[Data entries]
* * * * * * * * *
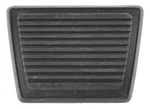 Restoparts Park Brake Pedal Pad 1965-1969 Gto Lemans Grand Prix Bonneville. Fixed Price $18.98.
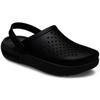 Crocs Inmotion Клог 209964 001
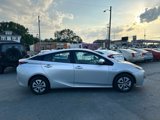 Used 2016 Toyota Prius Four image 4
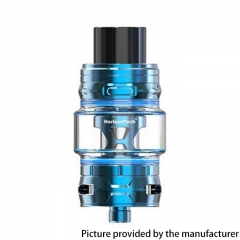 (Ships from Bonded Warehouse)Authentic Horizon Aquila Tank 3.5ml 5ml - Blue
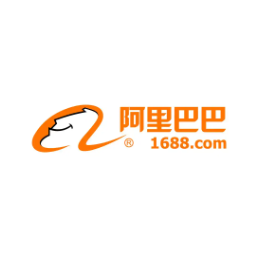 猇亭云仓1688卖家产品入仓一件代发货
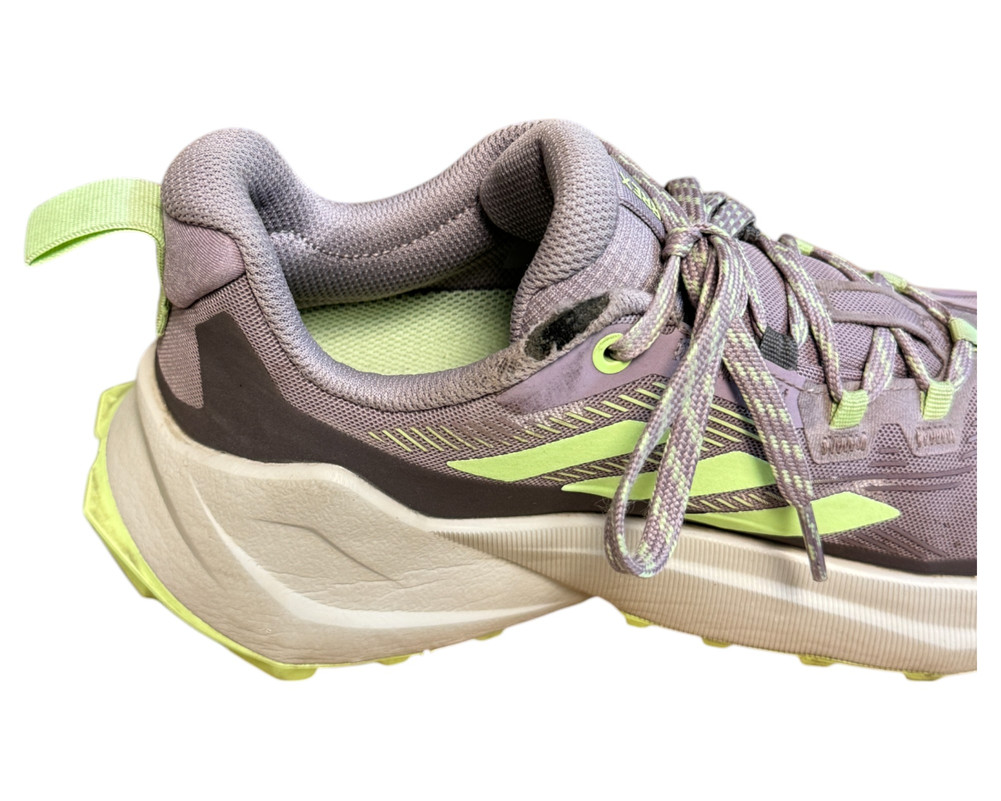 Adidas Trailmaker 2 BUTY TREKKINGOWE  damskie 36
* * * * * * * * *
Task description: Working from the line with "猇亭云仓1688卖家产品入仓一件代发货" down through the last line of the records, give every line again exactly, but no pictures.

Your solution:
 猇亭云仓1688卖家产品入仓一件代发货
 Adidas Trailmaker 2 BUTY TREKKINGOWE  damskie 36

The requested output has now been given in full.